• Provided records:
------------------------------------------------------------
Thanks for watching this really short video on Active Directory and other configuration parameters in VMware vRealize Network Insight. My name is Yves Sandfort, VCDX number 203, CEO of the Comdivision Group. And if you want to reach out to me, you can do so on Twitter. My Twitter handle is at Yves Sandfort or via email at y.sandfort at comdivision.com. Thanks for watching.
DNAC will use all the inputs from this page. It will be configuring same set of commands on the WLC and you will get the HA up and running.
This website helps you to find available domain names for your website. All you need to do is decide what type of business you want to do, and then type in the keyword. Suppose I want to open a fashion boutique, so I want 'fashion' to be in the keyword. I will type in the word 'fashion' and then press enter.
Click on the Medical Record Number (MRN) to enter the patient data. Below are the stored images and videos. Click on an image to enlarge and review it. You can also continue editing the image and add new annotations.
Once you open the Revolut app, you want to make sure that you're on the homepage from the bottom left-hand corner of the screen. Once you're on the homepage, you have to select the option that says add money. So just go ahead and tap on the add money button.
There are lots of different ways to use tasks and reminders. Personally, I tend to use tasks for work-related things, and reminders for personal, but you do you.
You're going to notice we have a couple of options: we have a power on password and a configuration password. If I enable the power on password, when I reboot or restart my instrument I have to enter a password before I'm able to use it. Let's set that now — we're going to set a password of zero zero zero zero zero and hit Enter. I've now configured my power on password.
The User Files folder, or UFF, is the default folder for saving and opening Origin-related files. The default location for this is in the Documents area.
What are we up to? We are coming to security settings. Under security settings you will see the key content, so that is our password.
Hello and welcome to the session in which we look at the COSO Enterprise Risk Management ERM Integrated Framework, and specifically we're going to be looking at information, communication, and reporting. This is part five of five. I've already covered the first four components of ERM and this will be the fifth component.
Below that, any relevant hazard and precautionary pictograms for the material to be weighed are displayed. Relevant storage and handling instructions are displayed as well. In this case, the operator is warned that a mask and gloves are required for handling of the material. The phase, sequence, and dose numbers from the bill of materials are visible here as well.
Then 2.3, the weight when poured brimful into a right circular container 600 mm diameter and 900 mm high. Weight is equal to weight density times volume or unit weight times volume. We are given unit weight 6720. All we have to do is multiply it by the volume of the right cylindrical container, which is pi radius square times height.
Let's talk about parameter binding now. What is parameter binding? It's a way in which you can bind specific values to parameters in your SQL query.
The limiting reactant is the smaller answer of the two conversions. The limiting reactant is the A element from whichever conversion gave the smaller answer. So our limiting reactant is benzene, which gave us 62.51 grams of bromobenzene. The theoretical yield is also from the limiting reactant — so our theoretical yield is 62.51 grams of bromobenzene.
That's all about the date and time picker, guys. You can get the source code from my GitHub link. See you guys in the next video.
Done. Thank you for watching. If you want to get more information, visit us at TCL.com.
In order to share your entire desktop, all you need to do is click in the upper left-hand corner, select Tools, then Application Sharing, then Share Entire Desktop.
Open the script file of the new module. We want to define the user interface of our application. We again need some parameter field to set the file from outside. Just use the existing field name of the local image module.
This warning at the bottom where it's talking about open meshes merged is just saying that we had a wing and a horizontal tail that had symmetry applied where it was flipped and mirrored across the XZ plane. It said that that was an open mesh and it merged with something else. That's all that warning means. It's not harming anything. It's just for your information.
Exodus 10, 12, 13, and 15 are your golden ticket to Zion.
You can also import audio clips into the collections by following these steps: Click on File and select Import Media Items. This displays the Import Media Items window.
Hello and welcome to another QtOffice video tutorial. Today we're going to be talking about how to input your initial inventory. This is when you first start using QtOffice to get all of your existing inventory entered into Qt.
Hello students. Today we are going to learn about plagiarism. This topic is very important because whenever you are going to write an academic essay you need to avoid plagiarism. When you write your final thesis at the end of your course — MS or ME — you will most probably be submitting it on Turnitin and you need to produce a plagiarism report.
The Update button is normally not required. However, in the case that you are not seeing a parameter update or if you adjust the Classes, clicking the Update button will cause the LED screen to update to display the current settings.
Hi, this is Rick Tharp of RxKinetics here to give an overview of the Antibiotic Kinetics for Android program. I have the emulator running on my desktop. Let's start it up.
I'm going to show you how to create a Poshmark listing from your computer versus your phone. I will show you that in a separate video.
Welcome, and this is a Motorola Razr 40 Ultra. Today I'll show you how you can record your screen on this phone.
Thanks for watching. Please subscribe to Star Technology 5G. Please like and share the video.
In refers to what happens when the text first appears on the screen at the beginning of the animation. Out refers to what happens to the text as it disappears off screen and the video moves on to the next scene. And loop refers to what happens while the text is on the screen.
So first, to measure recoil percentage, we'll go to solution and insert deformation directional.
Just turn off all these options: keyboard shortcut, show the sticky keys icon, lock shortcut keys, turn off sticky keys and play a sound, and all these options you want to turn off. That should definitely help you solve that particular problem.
------------------------------------------------------------
Find all lines in the records that hold the word "left". Copy them.

Once you open the Revolut app, you want to make sure that you're on the homepage from the bottom left-hand corner of the screen. Once you're on the homepage, you have to select the option that says add money. So just go ahead and tap on the add money button.
In order to share your entire desktop, all you need to do is click in the upper left-hand corner, select Tools, then Application Sharing, then Share Entire Desktop.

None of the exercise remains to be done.